= Philip Kaloki =

Professor Philip Kaloki PHD, EBS, MBS is a Kenyan politician and an expert in Governance, Leadership & Strategic Management.
He was elected to represent the Kibwezi Constituency in the National Assembly of Kenya in 2007 Kenyan parliamentary election. He contested the Kenya 2022 general elections as a running mate of Polycarp Igathe in a race for gorvernor seat in Nairobi county.

== Early life and education ==
Hon. Philip Kaloki was born on 10 December 1960 in Kibwezi East, Makueni County of Kenya. He attended Molemuni Primary School and Mutonguni Secondary School for his O-level education and later joined Kilungu Day High School for his A-level education. He then attended the University of Mary Hardin–Baylor where he attained his degree in Finance and Economics and later his MBA at University of Dallas. He then joined the University of Nairobi for His Ph.D. in Business Administration.

== Political career ==
Hon. Prof. Philip K. Kaloki was elected as a member of parliament for Kibwezi Constituency in 2007 where he served in different parliamentary committees and was a Member of the House Speaker's panel; he served as the Vice Chairman in the coveted Finance, Planning, Trade and Tourism Committee of the Kenya National Assembly. Prof. Kaloki also sat in the Parliamentary Committee of Energy & Communication and the Committee of Procedure and House Rules besides sitting in the Committee on Implementation of the new Constitution. He also served as the ODM-Kenya Party Whip. Prof. Kaloki vied for the Makueni Governor seat in the 2013 general elections and MP for Kibwezi East in the 2017 elections. In April 2022, he was nominated to deputize Polycarp Igathe of Jubilee party in the August 2022 general elections for the Nairobi gubernatorial position.

== Professional career ==
In 2013. Prof Kaloki was appointed by H.E President Uhuru Kenyatta as the Kenya Medical Training College Board chair. Upon completion of his term as chair in April 2021, the institution recorded exponential growth with 43 new KMTC colleges established across the country and a student population growth from 19,000 to over 51,000.

Prof. Kaloki, EBS has been a distinguished Trade/Business Consultant. He has worked as the team leader of technical experts helping Central Rift and Upper Eastern County Governments on COVID-19 and Health Systems Strengthening. He is the CEO of Global Centre for Business Development and has worked as lead consultant in various Ministry of Trade/ Export Promotion Council (EPC), Kenya projects such as Market Research and Feasibility study in the Democratic Republic of Congo, February and October 2012; Review Export Promotion Council (EPC) Trade Development Program (TDP), Sept 2010 to Jan 2011; “Market Study and Developing a Market Penetration Strategy for South East Region of the US and Organizing a Kenya Trade Mission to Texas, 16 October 2005. He is also the Kenya Patron of the Turner Foundation based in Canada where he helped mobilize resources for water provision in major towns in Kibwezi and improvement of learning institutions. He enjoined as a Full Time Instructor of Business at the Dallas Baptist University (DBU) in 1990. In 1989, he was a member of the Adjunct Faculty at the DBU, Texas, USA. Prof. Kaloki became assistant professor of business in 1993 to 2001 when he became associate professor of Business and later a professor of Business since 2005 at Dallas Baptist University.

== Awards and honors ==
Hon Prof. Philip K. Kaloki holds various recognition awards and honors. In 2019 he was awarded the national award of the Elder of the Burning Spear (EBS) by H.E President Uhuru Kenyatta. He had previously received the award or the Moran of the Order of the Burning Spear (MBS) in 2016 from H.E. Hon. Uhuru Kenyatta for his distinguished service to the nation.

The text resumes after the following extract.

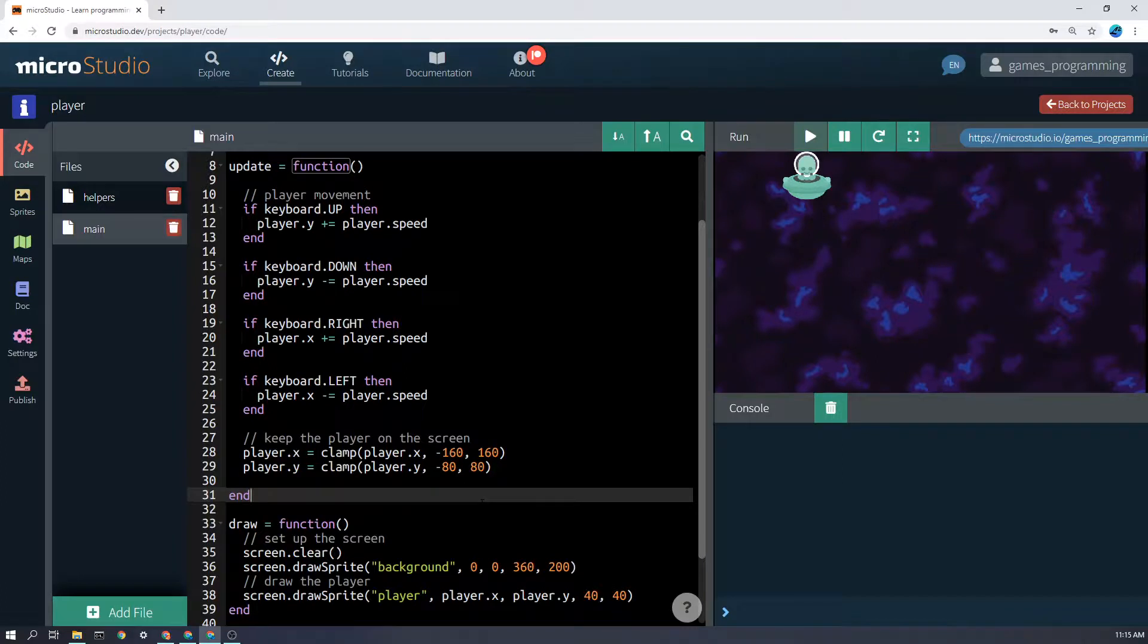I hope that explains a little bit about how the code works. If you have any questions, please let me know.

In 2002, he was awarded for his 15 years' service to Dallas Baptist University. In 1998, he was given the Outstanding Business Professor Award of the Dallas Baptist University and in 1996, he was among Who's Who Among American Teachers of the U.S.A. Educational Committee, Lake Forest, Illinois, an award he previously held in 1994. In 1987, the MP was awarded with the University of Mary Hardin Baylor Student Foundation Award, Belton, Texas, and in 1985, Prof. Kaloki was awarded with Honour Roll, University of Mary Hardin Baylor, Belton, Texas, while in 1984–1986 he got the Presidential Scholarship Award, University of Mary Hardin Baylor, Belton, Texas.

Prof. Kaloki has been Chairman of the East African Association, Dallas/Ft Chapter – 2000–2007. He has also been the Chairman of Education Committee-Dallas/Ft worth International and has been DBU Graduate Association Committee Member since 1989. He also sat in the MBA Advisory Board Committee of the Dallas Baptist University, 1987–1988.